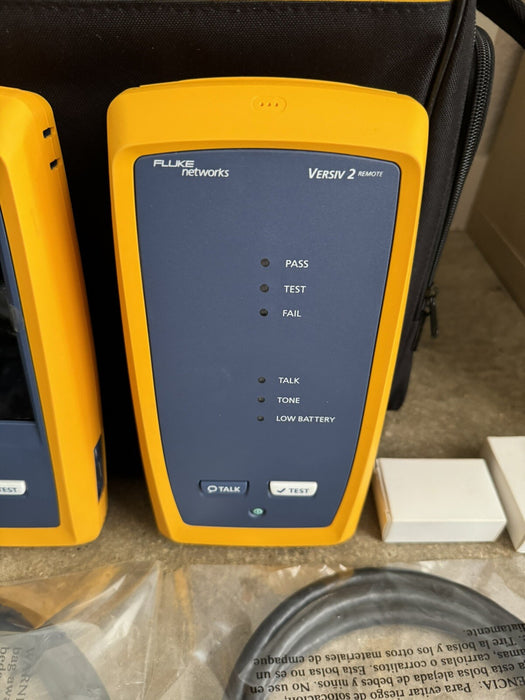 FLUKE DSX2-5000 CABLE ANALYZER KIT CALIBRATED 2024
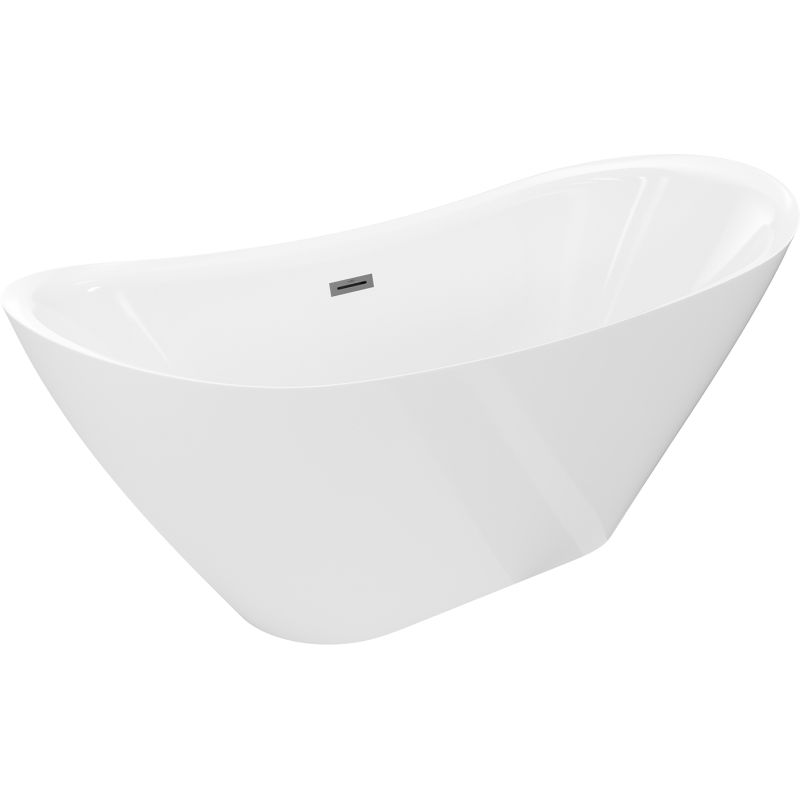 Mexen Lotos laisvai stovinti vonia 170 x 75 cm, balta, perpildymas ginklu metalas - 52051707700-95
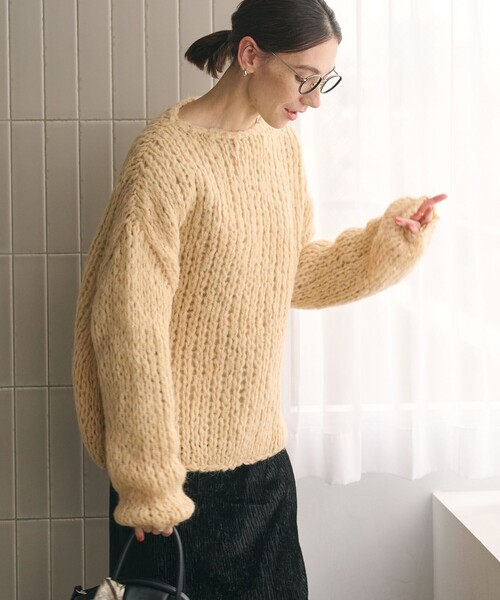 BEAUTY＆YOUTH UNITED ARROWS ニット セーター ウールモヘヤナイロン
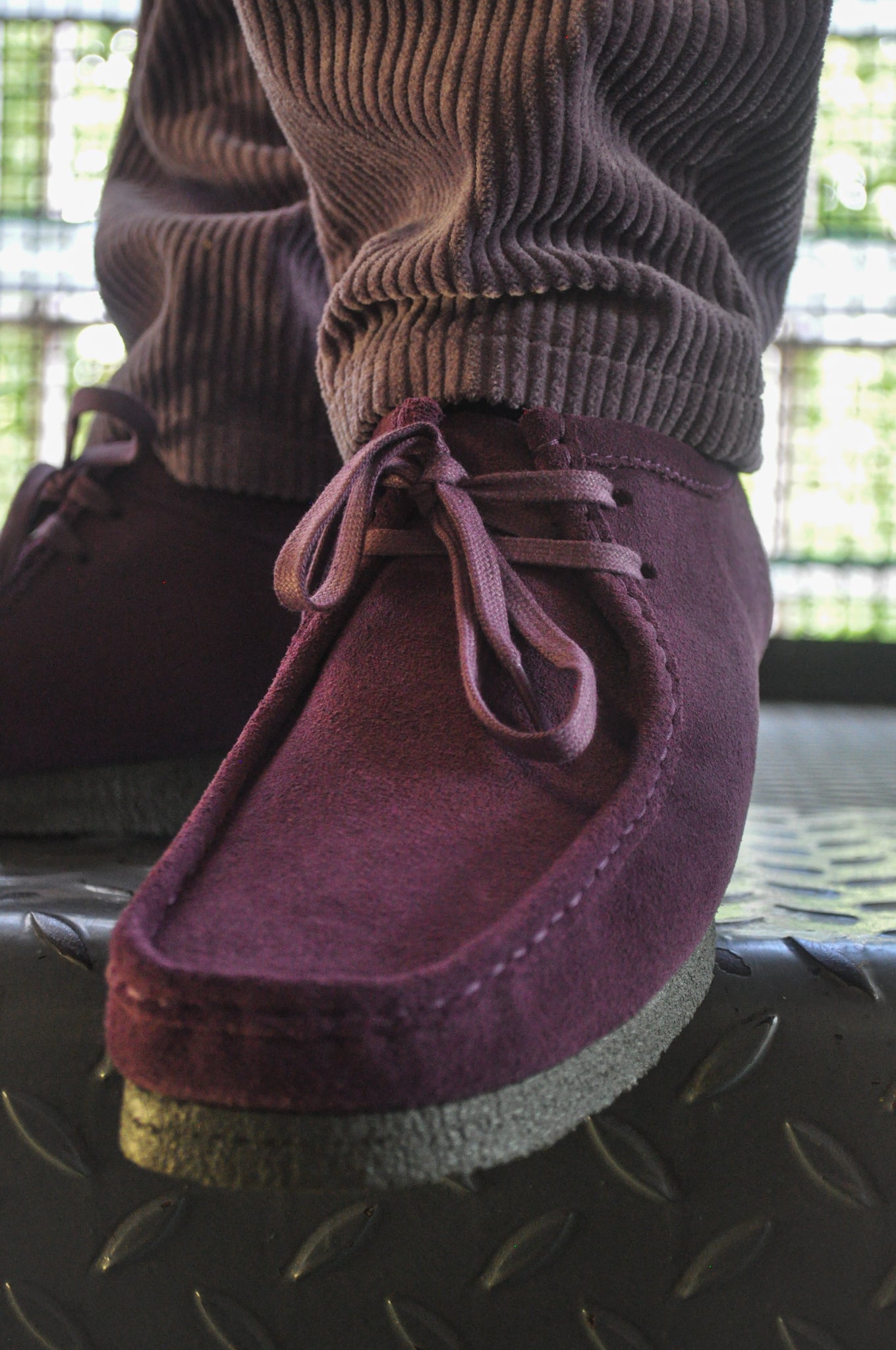 Clarks Wallabee "Purple" SneakerBAAS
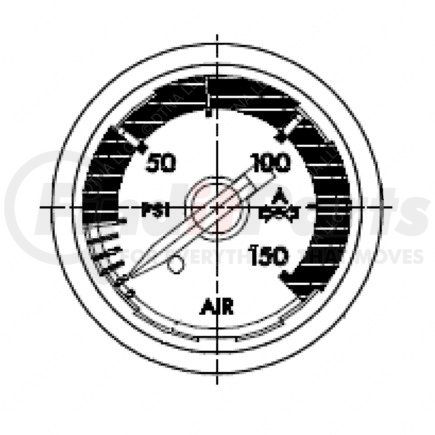 Freightliner 22-53813-000 Air Pressure Gauge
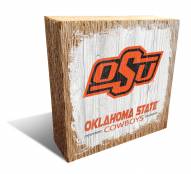 Oklahoma State Cowboys Team Logo Block
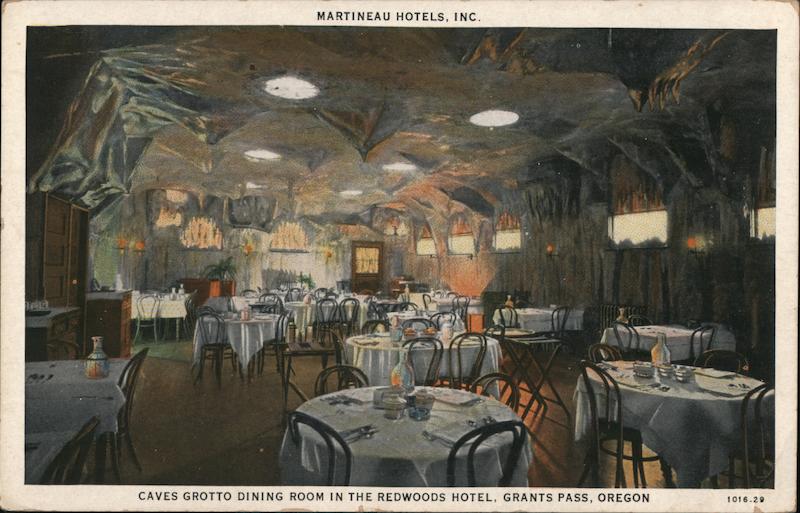 Caves Grotto Dining Room in the Redwoods Hotel Grants Pass Oregon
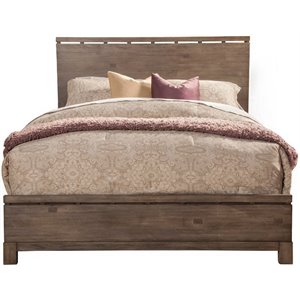 california king size panel bed in mahogany wood in  brown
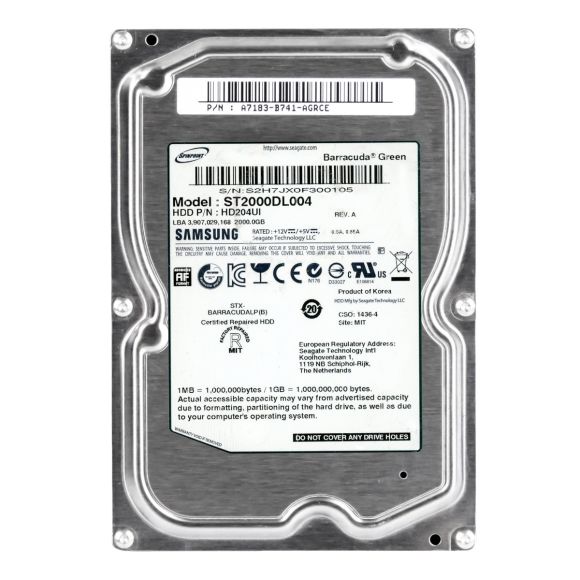 SAMSUNG SpinPoint F4EG 2TB 5.4K 32MB SATA II 3.5'' HD204UI ST2000DL004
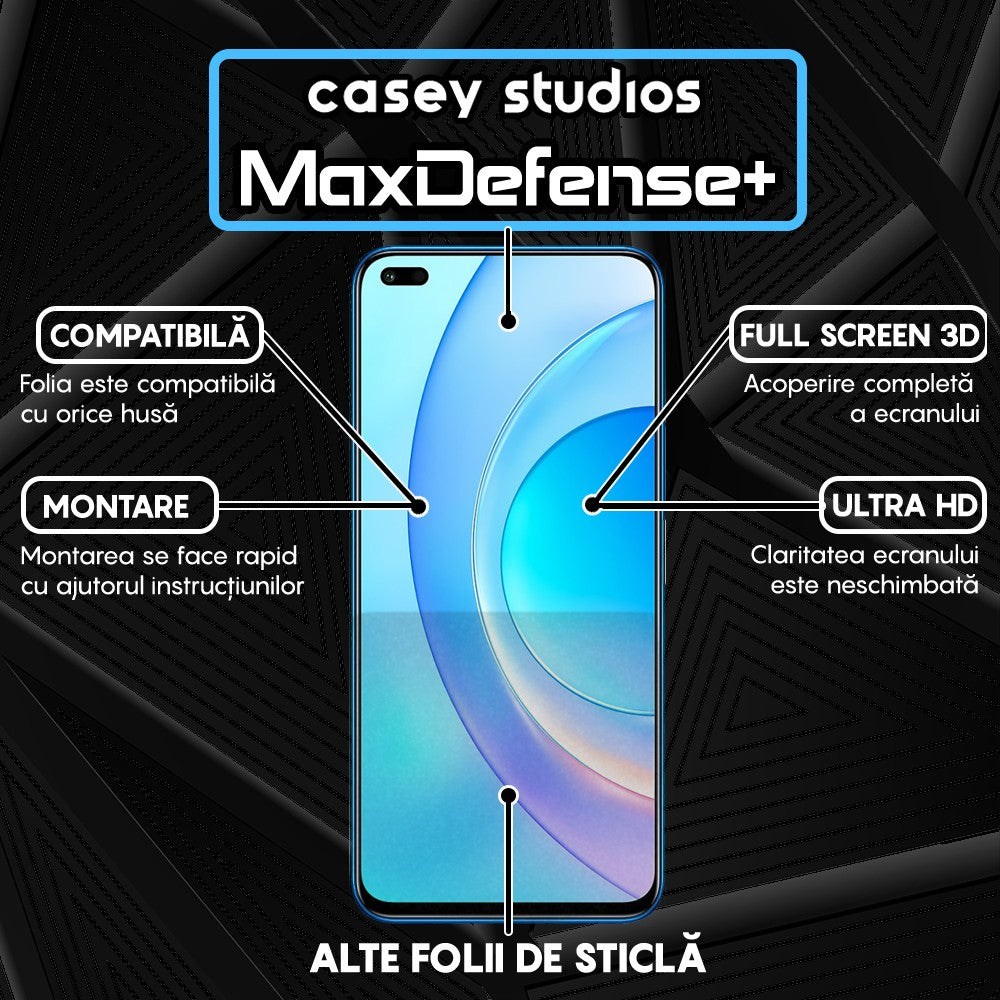 Folie Sticla MaxDefense+ - Honor 50 Lite/Huawei nova 8i - Negru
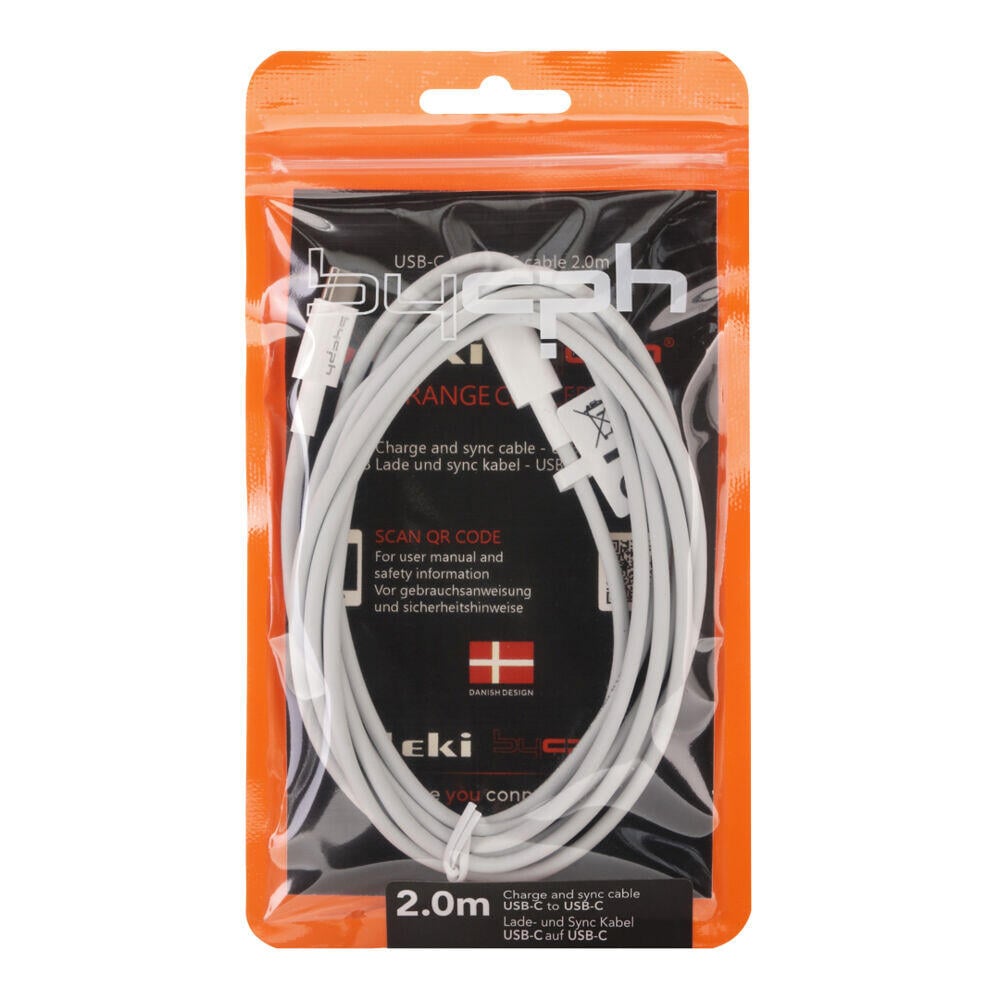 USB-C til USB-C ladekabel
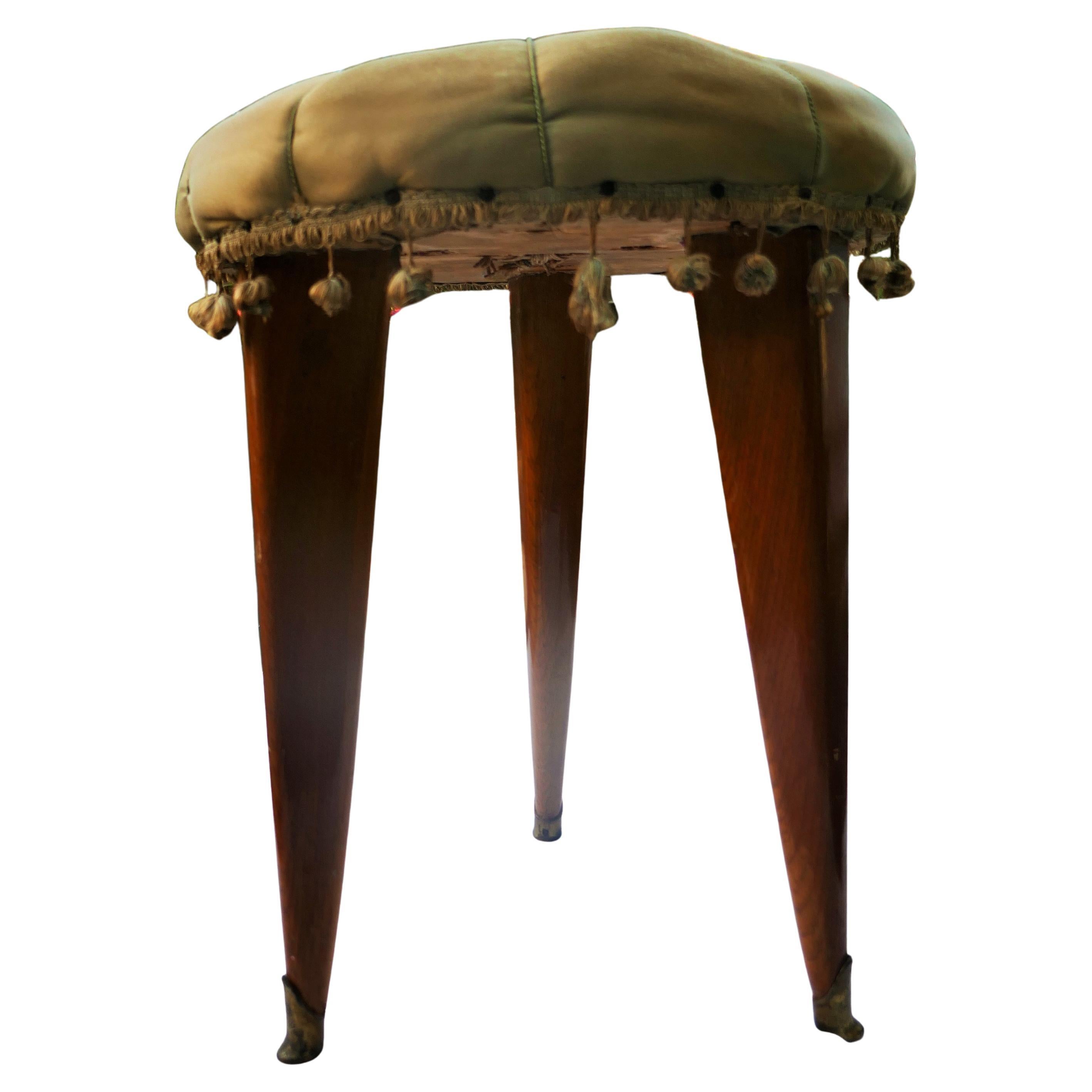 Pouf in the style of Paolo Buffa and Gio Ponti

= = = =

### Your assignment
Given the listing above, return exactly, and only, the lines from the line with "Freightliner 22-53813-000 Air Pressure Gauge" through its final line, both included, with the pictures removed.

### Solution for this exercise
 Freightliner 22-53813-000 Air Pressure Gauge
 Oklahoma State Cowboys Team Logo Block
 Caves Grotto Dining Room in the Redwoods Hotel Grants Pass Oregon
 california king size panel bed in mahogany wood in  brown
 SAMSUNG SpinPoint F4EG 2TB 5.4K 32MB SATA II 3.5'' HD204UI ST2000DL004
 Folie Sticla MaxDefense+ - Honor 50 Lite/Huawei nova 8i - Negru
 USB-C til USB-C ladekabel
 Pouf in the style of Paolo Buffa and Gio Ponti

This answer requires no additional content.